泥棒とガサ入れ対策をするなら空白にした2〜3単語のありかを明記せず、どこかにこっそり隠しておくか天空の城ラピュタのように単語を覚えさせて口にさせないようにするとかもありますが、今度は家族の相続の難易度が上がってしまいます。

私の知能レベルと想定している環境ではすっきりするものがありませんが、現状は金庫に2〜3単語抜いたリカバリフレーズのメモを入れておき、残りの単語のありかは口頭で伝えておく家族をやや信じるスタイルにし、泥棒とガサ入れに強い形にしておこうと思います。




無事に秘密鍵の受け渡しができた後について

自分が死んだあと上記の策で秘密鍵を無事に家族へ受け渡しができたとしても、ハードウォレットから取引所へ送金をして換金をする方法も書き残しておく必要があります。

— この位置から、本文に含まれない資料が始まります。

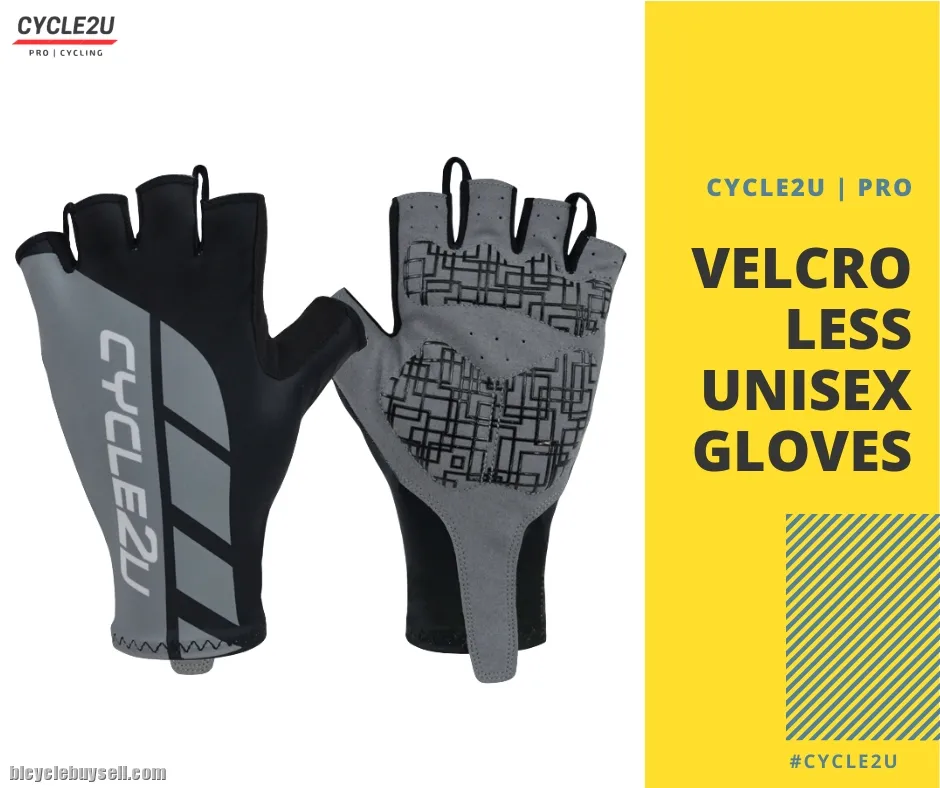 ðŸ”¥Ready StockðŸ”¥ CYCLE2U Half Finger Silicone Anti-Slip Shock Absorption Cycling Glove Shockproof Spo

というか現状受け渡しをすることになりそうな家族はいずれも取引所の口座開設をしていないので、そこから手続きが必要になってきます。

今は便利な世の中になってきたので「ググる」ということを知っていれば大抵のことはなんとかなりますが、なんていうキーワードでググればいいかとか書いておくつもりです。

あとは相続税などの詳細は税理士に聞くようにしてもらうことも書いておく必要がありますね。

不動産とかなら誰かしら人が間に入ってくるので相続税が発生する話とかも耳にすると思いますが、ビットコインの換金の過程では人が間に入らないので、税金を収めること忘れていた・知らなかったで知らないうちに脱税をさせてしまう可能性もあります。

そして手順を書き残して金庫に入れておいて終わりではなく、記しておいた手順が最新の内容と合っているかどうか日々チェック・アップデートが必要となり、このメンテナンスもかなり面倒くさそうです。

 

まとめ

長文になりましたが、ビットコインの相続問題について考えたことをまとめてみました。
相続ができないだけではなく、受け取れていないビットコインに対して相続税がかかるかもしれない現状なのでちゃんと考えておく必要があります。

ただ相続の方法はビットコイン関連の開発が進むことでもっと楽になるんじゃないかと期待はしています。

もっと世界的に普及が進めばビットコイン富豪の相続問題が話題になると思いますし、法整備も進んでいくはずです(規制ばかりの日本はどうかわかりませんが…)

最後にこの記事を書いたのは技術的なことは全く分からない、普段取引所でビットコインを買ってガチホしているだけの素人なので、私の知らない相続方法があるかもしれませんし、もっとスマートな秘密鍵の隠し方があるかもしれません。

相続を意識して秘密鍵のありかを家族に伝えた結果、家族にビットコインを奪われて夜逃げされた…!なんてことにならないように、緻密に検討を重ねた上で秘密鍵の取り扱いを決定するようにしましょう。